Editorialist: Bhuvnesh Jain




Dynamic Programming


You are given a list of $N$ dragons each having some power $A[i]$. There is a prince with power $W$. The princess decides to sit at position $x, 1 <= x <= N$. The prince starts from any position towards the princess and loses power equal to $A[i]$ when he is at index $i$. If dies at any moment are power becomes non-positive. She wants to arrange the dragons in such a way such that the number of positions from which prince dies before reaching her is maximised. She want to calculate this value for all $x, 1 <= x <= N$.


The first to note is that we would always like to place stronger dragons close to the princess as it will increase the number of positions from which prince would die. This equivalently means, we would like to have the minimum number of dragons such that their sum of powers exceeds $W$. For this, we have two conditions, either we place dragons on both sides such that their sum of powers exceeds $W$, meaning there are places on both sides such that the princess will die. In another case, we place dragons on one side only such that their sum of powers exceeds $W$ so that princess doesn't die from one side but dies from some places on another side.

The other thing to note is that the largest dragon will always stay at the place the princess is staying. This is consistent with the fact that the princess wants stronger dragons to stay close to her so that prince dies from the maximum number of starting positions.
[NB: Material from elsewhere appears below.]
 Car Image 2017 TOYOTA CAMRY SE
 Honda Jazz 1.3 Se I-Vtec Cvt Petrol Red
So, when considering dragons to be placed on both sides to defeat the prince, this dragon will be counted twice and this needs to be taken care in implementation.

Now, in both cases we have the following reduced problems:

  1. For one side case, we need to find the minimum number of dragons such that the sum of their powers is greater than or equal to $W$.

  2. For both side case, we need to find minimum number of dragons such that for index $i$, there is partition of size less than or equal to $(i - 1)$ with sum of powers greater than or equal to $W$ and other disjoint partition of size less than or equal to $(N - i)$ such that sum of powers is greater than or equal to $W$.

The answer for each index is basically the maximum answer we can obtain from both cases.

For the first case, the answer can be found greedily by simply placing the dragons in decreasing order of power and finding the first index such that sum of powers till now is greater than or equal to $W$. Let us denote this value by $z$.

For the second case, let us simply the problem further. For this, let us think if the size of partitions really matter, (i.e. do we care about the index $i$ for which the calculation is being done). So, let us assume the optimal partitions of dragons into $2$ disjoint sets such that the sum of both is greater than or equal to $W$ have sizes $x$ and $y$. It is evident that $z <= x$ and $z <= y$. For now, assume left size size is less than right side size i.e. $(i - 1) < (N - i)$. Also, $x <= y$.

If $x <= (i - 1)$ and $(y <= (N - i))$, then everything is good. Assume $x > (i - 1)$, o dragons can't protect the princess from the left side and $y$ dragons protect the princess from the right side. In this case, it is better to choose $z$ dragons only to protect the princess from one side as $z <= y$ and it makes our answer better. So, the size of $x$ and $y$ don't matter in this case. Again if $x > (i - 1)$ and $y > (N - i)$, it means princess can never be protected from both sides and we need to consider the answer for one side case only, meaning sizes of $x$ and $y$ don't matter again.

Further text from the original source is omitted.